▶ [Work to complete]:
Give again every line from the one with "S880 PRO GPS" through the last line of the data, exactly, and leave out the lines before it.

▶ [Given information]:
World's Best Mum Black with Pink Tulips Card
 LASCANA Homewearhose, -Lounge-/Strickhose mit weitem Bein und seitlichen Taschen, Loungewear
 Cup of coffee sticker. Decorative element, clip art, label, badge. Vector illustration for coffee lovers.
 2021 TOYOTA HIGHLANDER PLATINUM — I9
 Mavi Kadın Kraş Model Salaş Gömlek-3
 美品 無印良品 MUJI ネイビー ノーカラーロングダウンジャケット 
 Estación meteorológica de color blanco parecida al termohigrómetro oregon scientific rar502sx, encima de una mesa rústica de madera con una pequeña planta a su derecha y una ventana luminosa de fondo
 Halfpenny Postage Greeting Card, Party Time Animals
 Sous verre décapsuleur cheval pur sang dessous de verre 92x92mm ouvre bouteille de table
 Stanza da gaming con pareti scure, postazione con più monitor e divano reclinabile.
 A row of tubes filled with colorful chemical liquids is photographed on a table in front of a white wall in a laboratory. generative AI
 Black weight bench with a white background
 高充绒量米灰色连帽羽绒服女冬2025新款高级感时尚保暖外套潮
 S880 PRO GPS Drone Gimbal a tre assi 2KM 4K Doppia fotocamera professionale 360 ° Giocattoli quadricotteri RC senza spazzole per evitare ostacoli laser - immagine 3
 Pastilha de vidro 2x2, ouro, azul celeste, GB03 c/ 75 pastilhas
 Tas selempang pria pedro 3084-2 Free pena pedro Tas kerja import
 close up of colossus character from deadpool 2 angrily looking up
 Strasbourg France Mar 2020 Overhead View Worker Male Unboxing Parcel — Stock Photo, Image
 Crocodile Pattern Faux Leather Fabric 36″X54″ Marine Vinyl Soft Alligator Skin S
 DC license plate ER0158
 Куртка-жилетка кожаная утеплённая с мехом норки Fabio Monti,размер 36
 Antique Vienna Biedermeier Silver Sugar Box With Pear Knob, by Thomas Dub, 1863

▶ [Worked solution]:
 S880 PRO GPS Drone Gimbal a tre assi 2KM 4K Doppia fotocamera professionale 360 ° Giocattoli quadricotteri RC senza spazzole per evitare ostacoli laser - immagine 3
 Pastilha de vidro 2x2, ouro, azul celeste, GB03 c/ 75 pastilhas
 Tas selempang pria pedro 3084-2 Free pena pedro Tas kerja import
 close up of colossus character from deadpool 2 angrily looking up
 Strasbourg France Mar 2020 Overhead View Worker Male Unboxing Parcel — Stock Photo, Image
 Crocodile Pattern Faux Leather Fabric 36″X54″ Marine Vinyl Soft Alligator Skin S
 DC license plate ER0158
 Куртка-жилетка кожаная утеплённая с мехом норки Fabio Monti,размер 36
 Antique Vienna Biedermeier Silver Sugar Box With Pear Knob, by Thomas Dub, 1863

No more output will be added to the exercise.